9 minutes ago, swiftcoder said:A number of those seem cultural, rather than absolutes. You may find that someone trained in music theory in say, China, or Ghana, disagrees strongly with Western notions of harmony and rhythm.
Those conventions also tend to very centred on singular cultural tradition. Hell, Western literature critique is having trouble comparing male/female narratives, let alone narratives from other cultures.
All this to say, I think the same applies to game design. Attempting to define a single, global taxonomy of what constitutes "good" game design is... doomed to failure, either by bogging down in definition, or by producing a definition that is exclusionary to some portion of the audience.
I think you're right here. One thing I am seeing now is that any critique or analysis has to be very specific or very simple to hold. For music, for instance, I don't imagine in any culture one note played over and over has ever been considered music, but you're absolutely right with respect to culture and harmony. I think you CAN find limits, but they all tend to be in the extreme (e.g., randomized note arrangement) but that then leaves us with what? An upper bounds for the question, maybe, but nothing more insightful. Fiction I think suffers the same phenomena. ("I woke up and got out of bed" I'd wager is probably a story in no culture.)

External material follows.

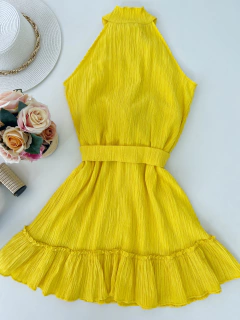 Vestido Evelyn amarelo na internet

Even if we talk mechanical design, we have to be narrow and specific. Rules for wings and wheels are not the same, and while this is entirely obvious now, there was a time in the past when it wasn't. In game design we seem to have general conventions we follow without entirely knowing why they work, with an often hideous amount of risk involved in varying the "special recipe" in any significant way. Success seems highly dependent on luck and the mood of the audience that moment. Maybe that's actually all there is with games, and we'll learn nothing unless we're highly specific ("portrait painting" rather than "painting", "noir fiction" rather than just "fiction" etc.)